* Task directions
When counting, include every line of the data that holds "vidaXL", then state the total alone.

* Extracted entries
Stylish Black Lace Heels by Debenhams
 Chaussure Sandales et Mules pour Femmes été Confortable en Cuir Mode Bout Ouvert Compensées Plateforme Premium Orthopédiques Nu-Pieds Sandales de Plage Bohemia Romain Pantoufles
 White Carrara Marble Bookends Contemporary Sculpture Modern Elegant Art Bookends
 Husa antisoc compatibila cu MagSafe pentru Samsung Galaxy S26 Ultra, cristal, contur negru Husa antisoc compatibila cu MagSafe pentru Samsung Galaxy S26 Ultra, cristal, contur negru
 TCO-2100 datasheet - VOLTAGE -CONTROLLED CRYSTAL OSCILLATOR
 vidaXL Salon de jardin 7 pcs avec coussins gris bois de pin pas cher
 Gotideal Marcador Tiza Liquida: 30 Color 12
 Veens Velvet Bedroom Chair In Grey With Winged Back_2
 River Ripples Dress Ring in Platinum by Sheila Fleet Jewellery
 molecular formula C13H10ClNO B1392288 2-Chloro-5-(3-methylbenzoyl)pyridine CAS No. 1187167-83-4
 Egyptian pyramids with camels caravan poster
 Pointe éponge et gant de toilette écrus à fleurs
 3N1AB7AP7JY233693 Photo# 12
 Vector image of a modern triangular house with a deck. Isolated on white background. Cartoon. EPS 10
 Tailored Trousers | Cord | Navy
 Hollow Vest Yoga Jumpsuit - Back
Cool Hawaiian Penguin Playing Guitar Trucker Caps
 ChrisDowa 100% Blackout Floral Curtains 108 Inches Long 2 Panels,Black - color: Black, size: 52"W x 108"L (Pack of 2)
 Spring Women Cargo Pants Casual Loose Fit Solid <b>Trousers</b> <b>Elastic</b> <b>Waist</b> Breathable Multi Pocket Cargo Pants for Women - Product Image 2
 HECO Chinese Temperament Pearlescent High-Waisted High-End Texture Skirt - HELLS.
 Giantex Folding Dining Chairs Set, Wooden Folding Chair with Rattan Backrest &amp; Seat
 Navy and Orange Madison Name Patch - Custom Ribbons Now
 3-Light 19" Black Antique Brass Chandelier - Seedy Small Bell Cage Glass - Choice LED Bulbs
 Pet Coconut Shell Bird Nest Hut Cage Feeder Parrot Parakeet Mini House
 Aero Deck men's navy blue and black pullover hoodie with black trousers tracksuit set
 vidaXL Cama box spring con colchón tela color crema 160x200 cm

* Response area
2